Task description | Leaving out all pictures, write down exactly the lines from the one containing "garlic in a garlic press" through the last line of the material.

(Beginning of Input records)

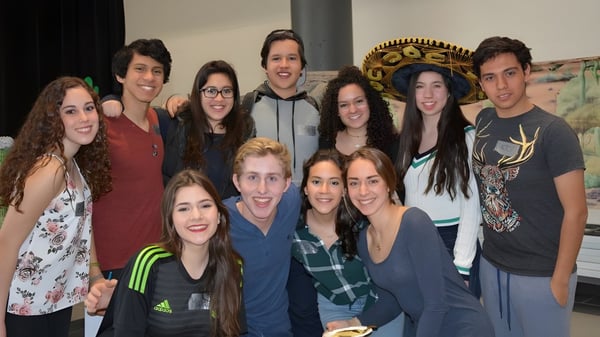 Eine Gruppe Schülerinnen und Schüler posiert zusammen in einem Raum auf dem Campus des John Abbott College.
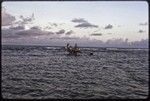 Manus: canoe approaches the beach at Pere, waves break on coral reef in background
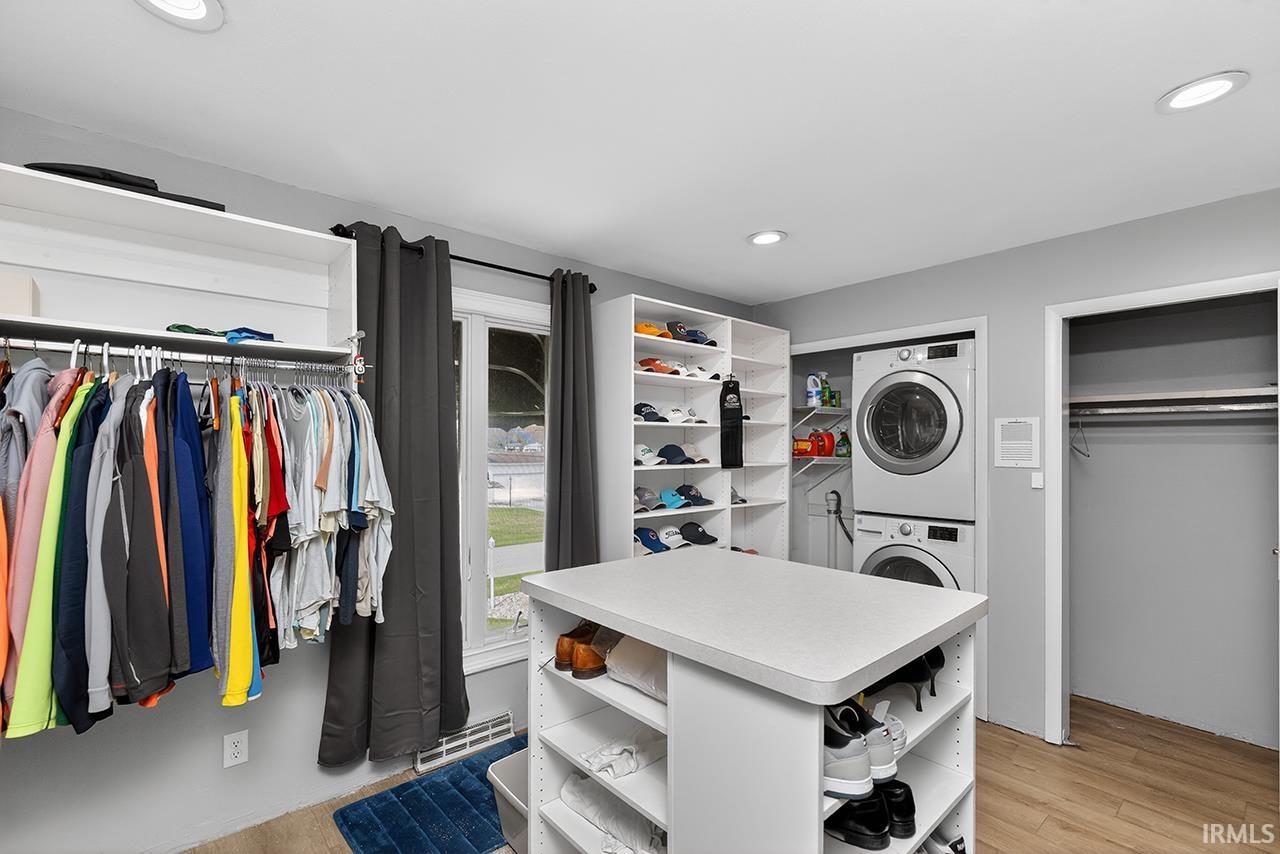 Walk in closet with light wood-style flooring and stacked washer / dryer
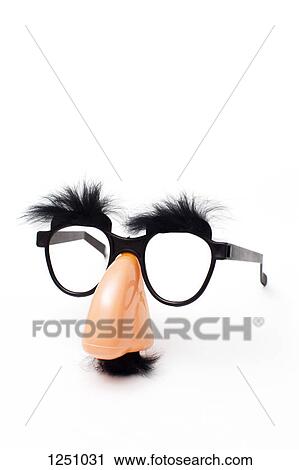 Groucho Marx novelty glasses on a white background View Large Photo Image Stock Image - Groucho Marx novelty glasses on a white background. Fotosearch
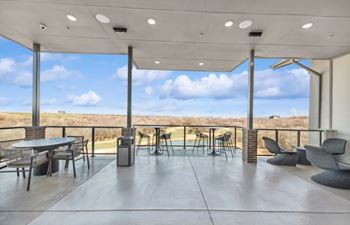 A patio with a table and chairs overlooking a field.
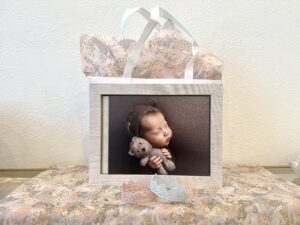 A gift card with a baby holding a stuffed animal as a example of great gift ideas for Mom!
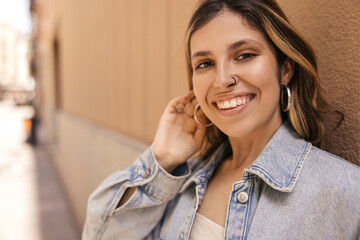 Beautiful young caucasian woman smiles, enjoys walk around city on sunny day. Brown-haired girl with piercing wears jacket in spring. Happy weekend concept.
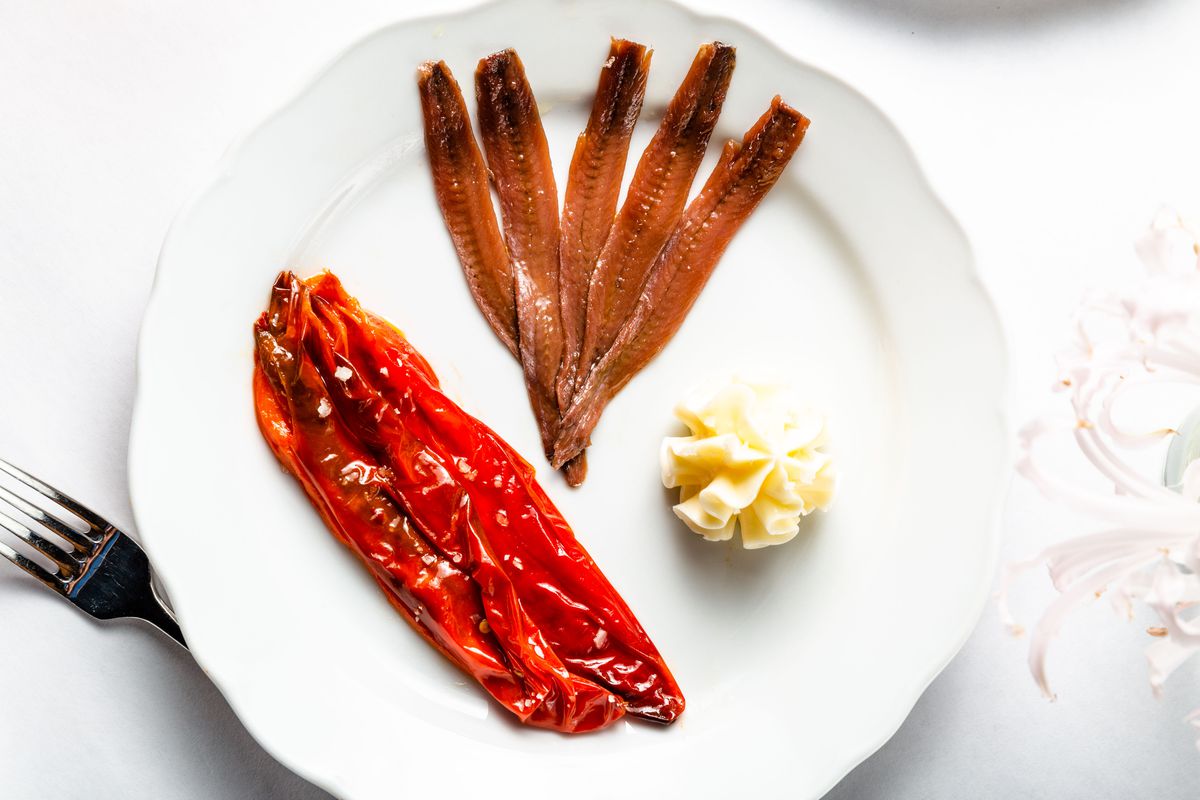 Roasted red peppers, a pat of butter, and five anchovies sit on a white plate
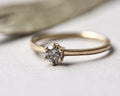 A delicate yellow gold solitaire ring with a single round-cut clear gemstone in a prong setting, resting on a light gray textured surface.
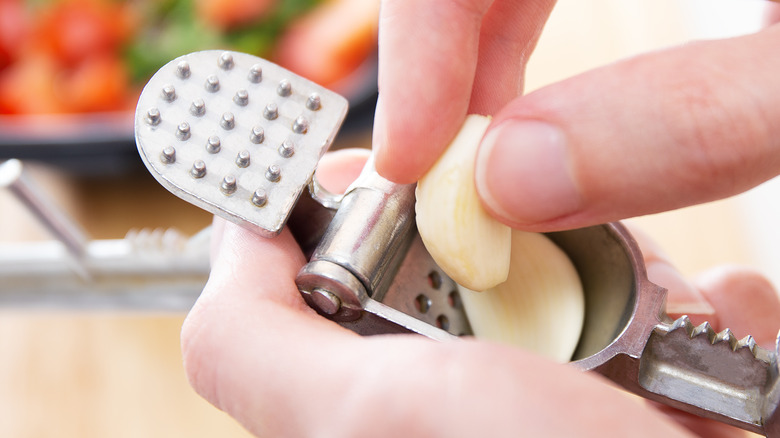 garlic in a garlic press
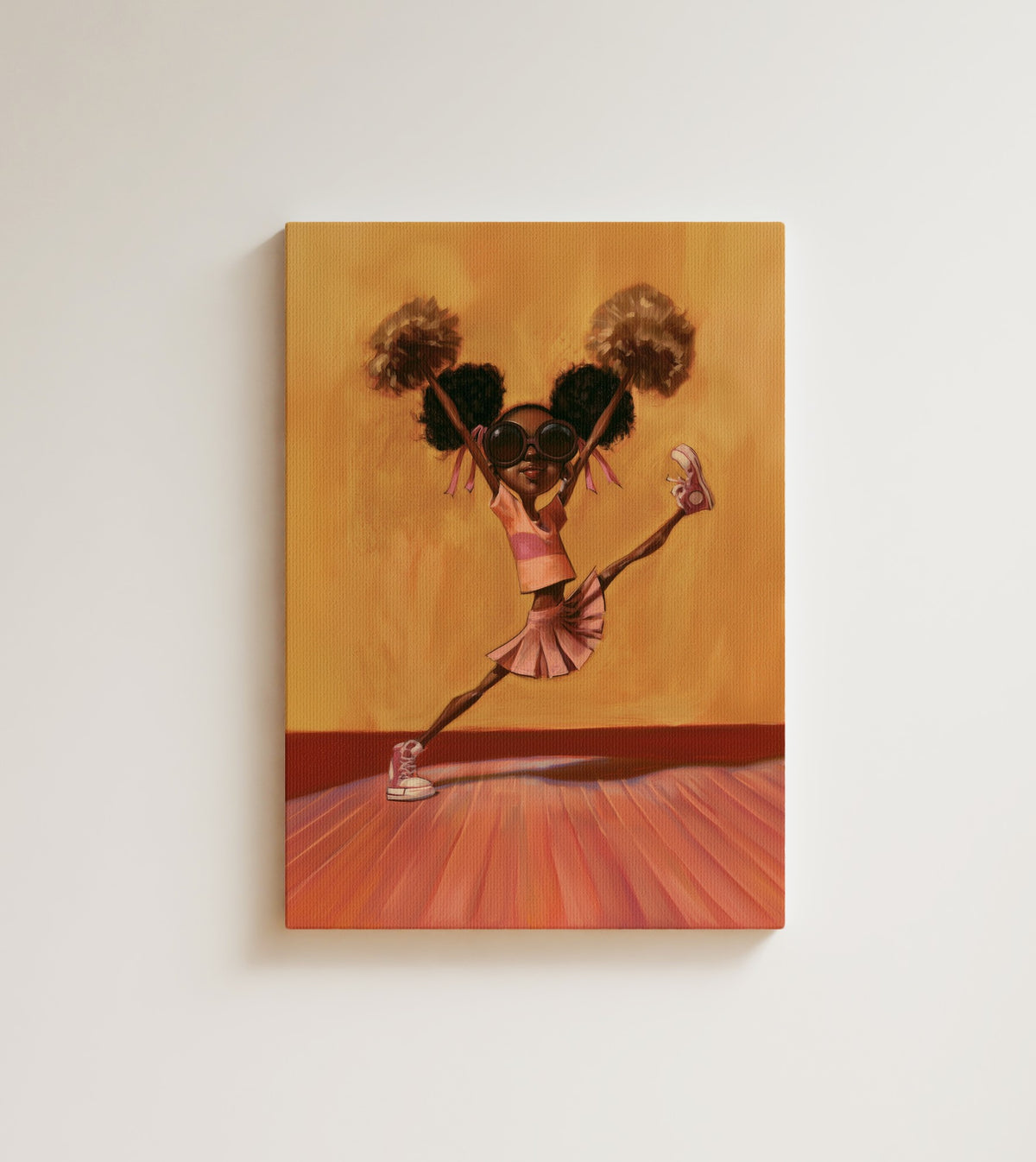 First Leap: A young Black girl jumps mid-air, pom poms high and afro puffs bouncing against a warm golden wall. Canvas wall art, shown on a plain wall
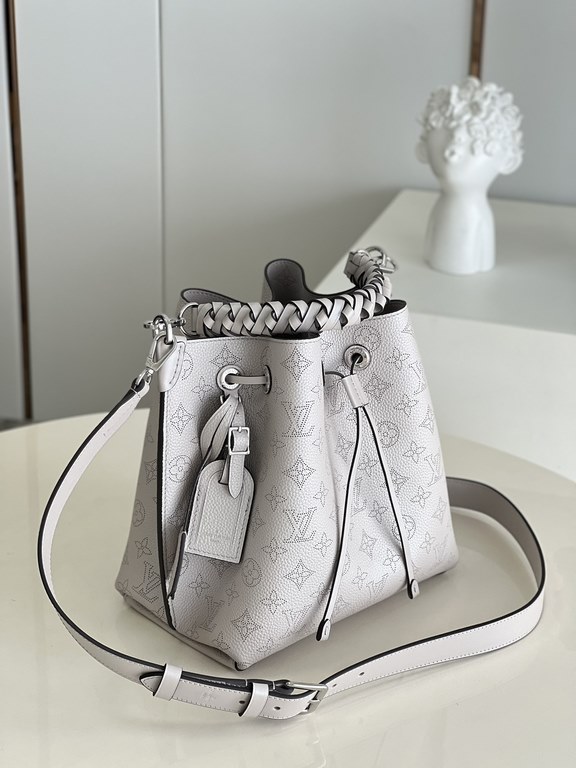 ExclusiveExclusive to M58788 in pearlized grey, this Muria bucket bag is crafted from cutout cowhide leather that lends a metallic sheen to the perforated Monogram pattern, and is finished with a leather name tag and key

(End of Input records)

Answer space |
 garlic in a garlic press
 First Leap: A young Black girl jumps mid-air, pom poms high and afro puffs bouncing against a warm golden wall. Canvas wall art, shown on a plain wall
 ExclusiveExclusive to M58788 in pearlized grey, this Muria bucket bag is crafted from cutout cowhide leather that lends a metallic sheen to the perforated Monogram pattern, and is finished with a leather name tag and key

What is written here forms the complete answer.